● **WHAT IS REQUIRED**
The answer must consist solely of the lines below starting at the one containing "Metal earrings, lip piercing" and ending at the one containing "38% Milchschokoladentafel mit rosa Praline", repeated exactly, with both ends included and all pictures omitted.

● **PROVIDED DATA**
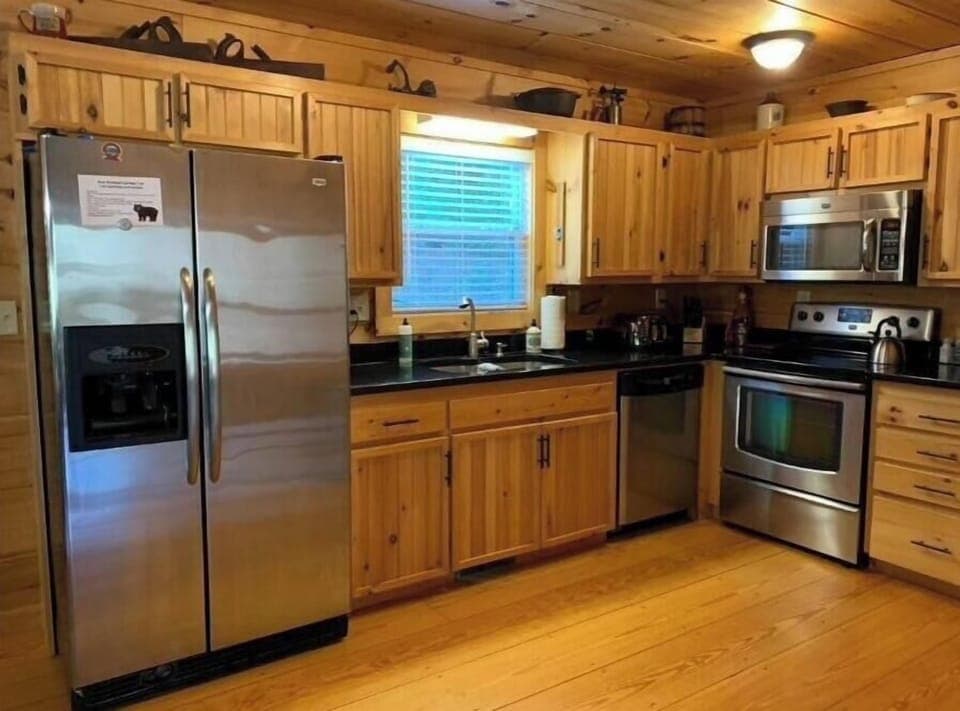 Fully equipped kitchen with stainless steel appliances and granite countertops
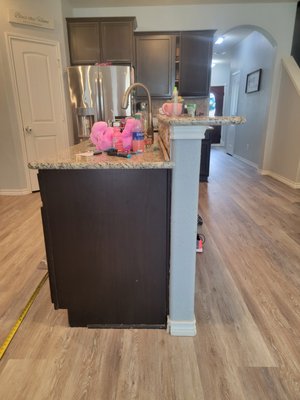 Kitchen Remodel 2021 - We had the opportunity to work with a loyal customer that we previously installed flooring for. Previously we converted and upgraded their light brown tile kitchen floors and dark brown engineered flooring into beautiful and seamless waterproof flooring that can easily withstand heavy traffic of large dogs, small children, and the everyday abuse of teenagers. Because of the quality of work on this previous project the customer had full confidence in our ability to give them an even more stunning kitchen remodel. We removed all of the countertops (to include a 2nd tier island bar, extended the island to include a beverage cooler, installed stone around the island, and completed the look off with custom quartzite countertops (sub contracted), countertop garbage disposal air switch, customer selected a gorgeous backsplash that we installed, and added undercabinet dimmable led lighting for an added wow. Kitchen Remodel 2021 - We had the opportunity to work with a loyal customer that we previously installed flooring for. Previously we converted and upgraded their light brown tile kitchen floors and dark brown engineered flooring into beautiful and seamless waterproof flooring that can easily withstand heavy traffic of large dogs, small children, and the everyday abuse of teenagers. Because of the quality of work on this previous project the customer had full confidence in our ability to give them an even more stunning kitchen remodel. We removed all of the countertops (to include a 2nd tier island bar, extended the island to include a beverage cooler, installed stone around the island, and completed the look off with custom quartzite countertops (sub contracted), countertop garbage disposal air switch, customer selected a gorgeous backsplash that we installed, and added undercabinet dimmable led lighting for an added wow.
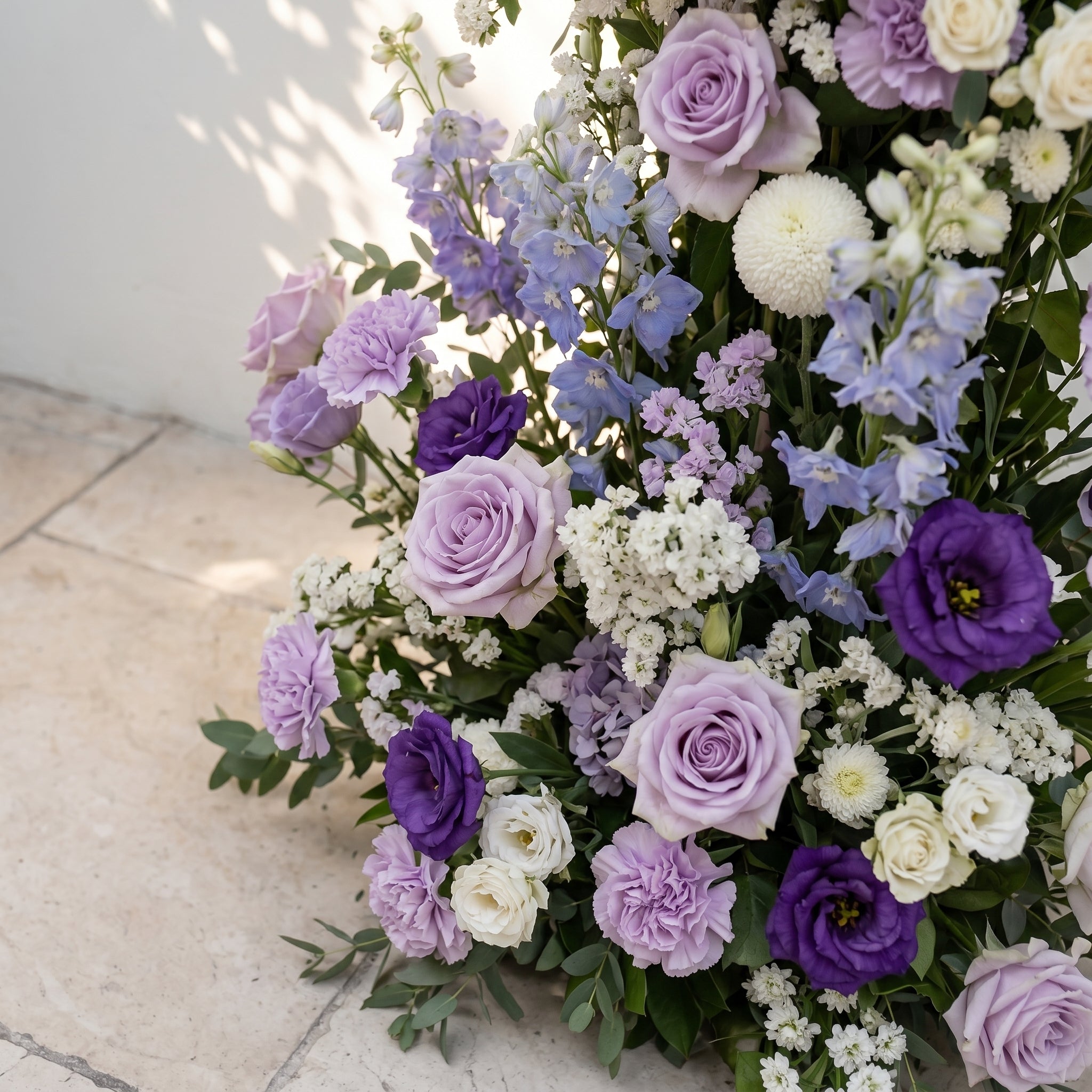 Marmere: Luxury Lavender Purple, Ivory White & Dusty Blue Silk Floral Ground Horn Arch Arrangement with Soft Delphinium & Lush Cascading Greenery for Romantic Minimalist Weddings & Garden Event Decor Including Frame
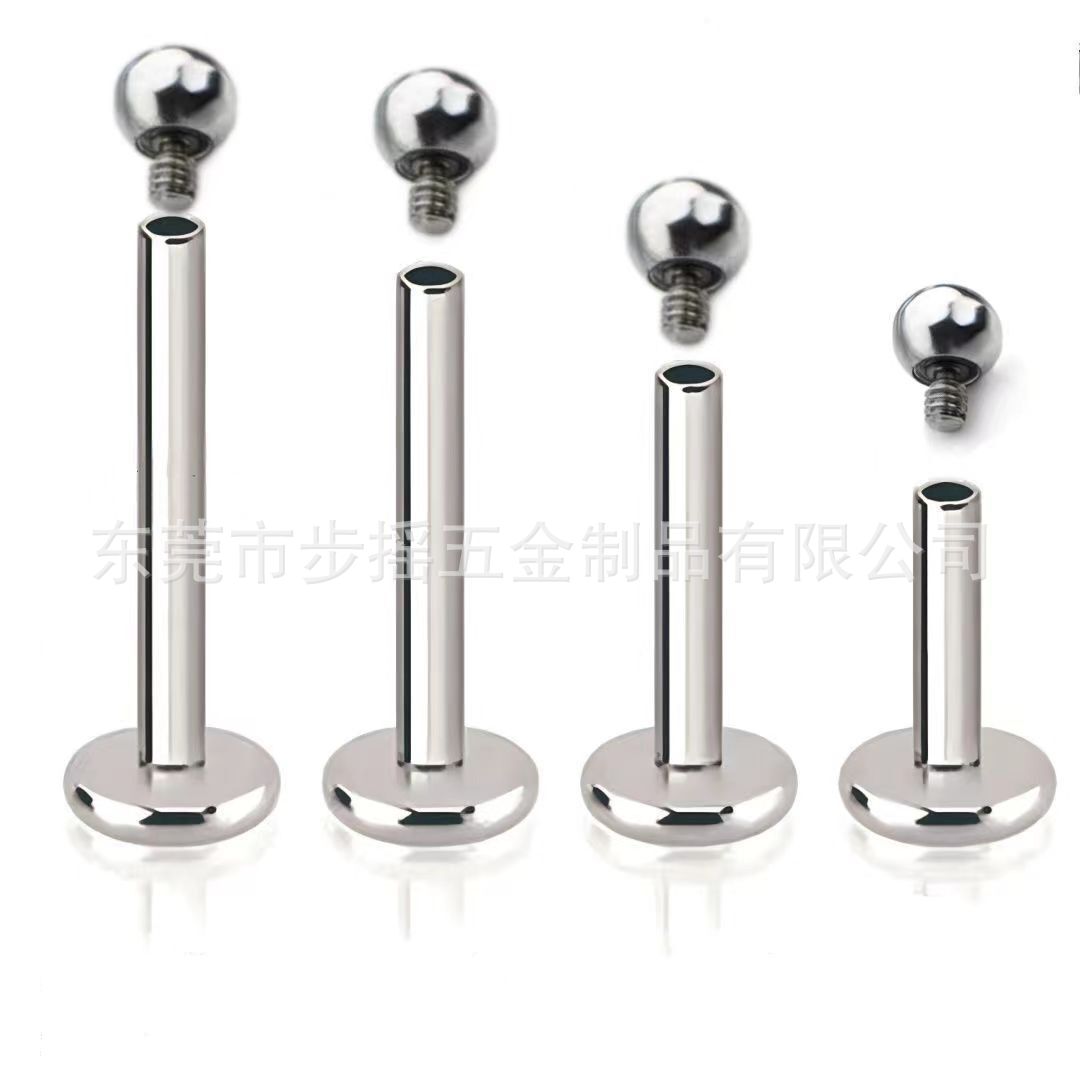 Metal earrings, lip piercing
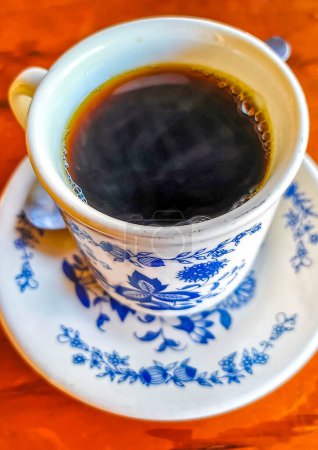 Photo for Blue and white cup pot with black coffee americano on wooden table in El Cafecito in Zicatela Puerto Escondido Oaxaca Mexico. - Royalty Free Image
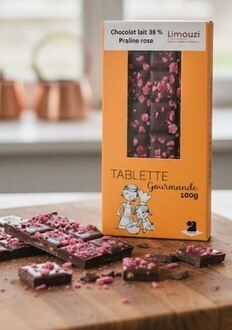 38% Milchschokoladentafel mit rosa Praline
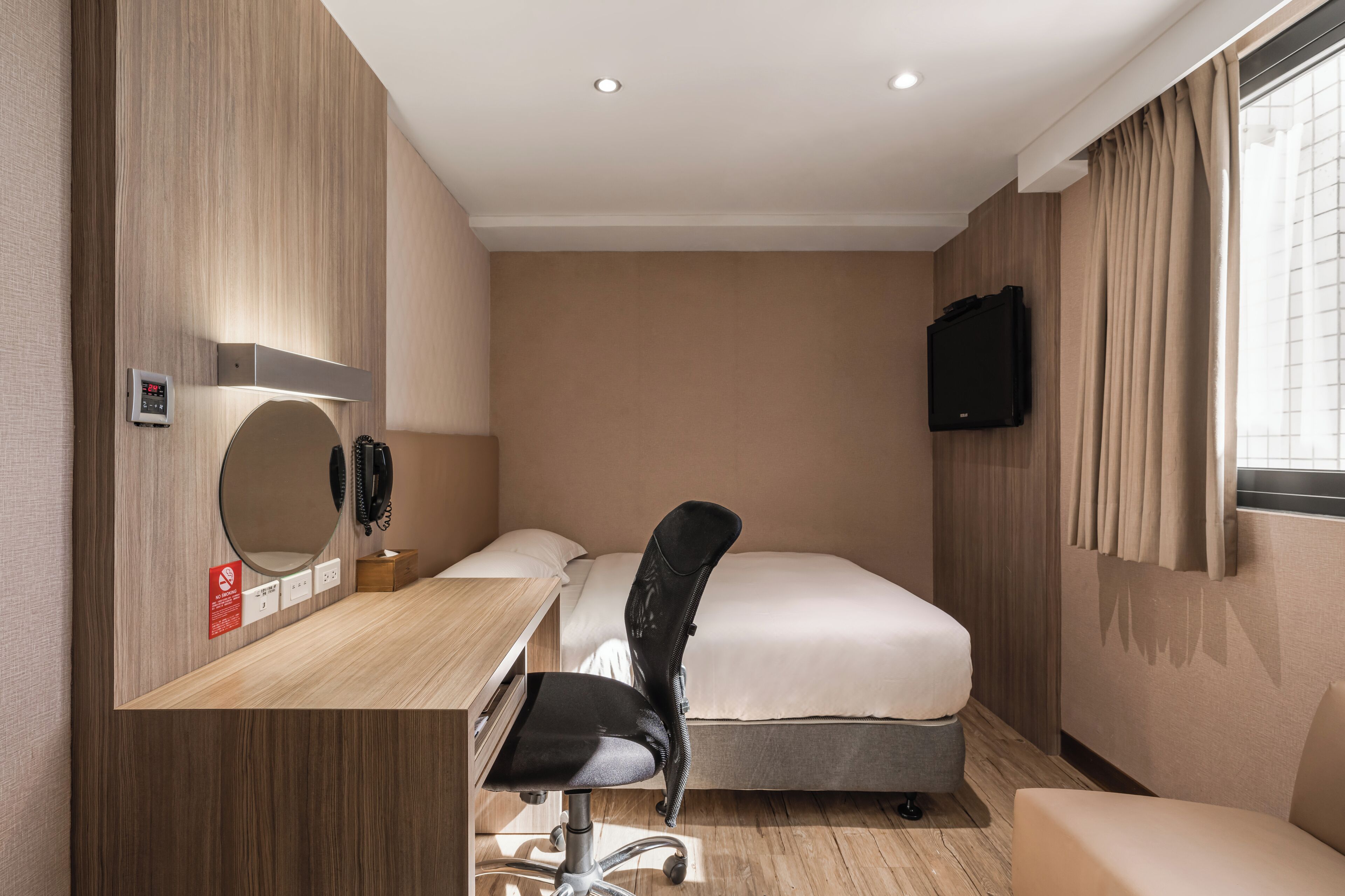 A hotel room with a bed, a desk with a chair, a TV mounted on the wall, and a window with curtains.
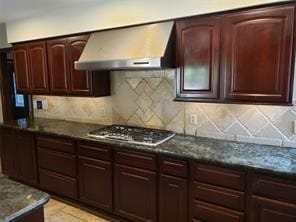 kitchen with backsplash, dark stone counters, wall chimney range hood, and stainless steel gas stovetop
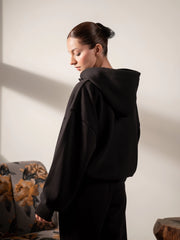 Back three-quarter view of the Garconne oversized hoodie in Black, showing the hood, dropped shoulders and relaxed back fit.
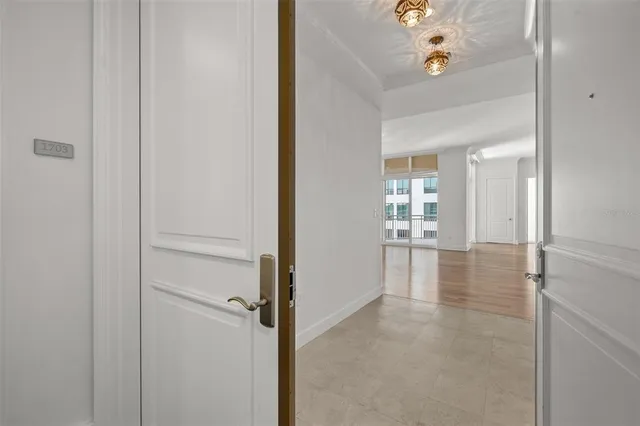a view of an entryway with a chandelier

● **FINISHED EXERCISE**
 Metal earrings, lip piercing
 Photo for Blue and white cup pot with black coffee americano on wooden table in El Cafecito in Zicatela Puerto Escondido Oaxaca Mexico. - Royalty Free Image
 38% Milchschokoladentafel mit rosa Praline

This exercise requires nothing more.